**Problem to work on:** Take every line from the listing below that includes "make" and copy it.

**The input:**
- Opening Delimiter -
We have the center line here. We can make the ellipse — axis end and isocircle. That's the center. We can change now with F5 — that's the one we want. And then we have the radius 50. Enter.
- Closing Delimiter -
- Opening Delimiter -
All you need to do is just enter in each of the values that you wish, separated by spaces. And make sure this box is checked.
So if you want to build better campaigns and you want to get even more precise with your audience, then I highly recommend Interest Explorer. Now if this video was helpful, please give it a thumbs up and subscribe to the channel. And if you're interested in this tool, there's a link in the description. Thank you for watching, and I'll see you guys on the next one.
- Closing Delimiter -
- Opening Delimiter -
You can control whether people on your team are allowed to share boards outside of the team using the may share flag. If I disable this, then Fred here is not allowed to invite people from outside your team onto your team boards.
- Closing Delimiter -
**Task solution:**
We have the center line here. We can make the ellipse — axis end and isocircle. That's the center. We can change now with F5 — that's the one we want. And then we have the radius 50. Enter.
All you need to do is just enter in each of the values that you wish, separated by spaces. And make sure this box is checked.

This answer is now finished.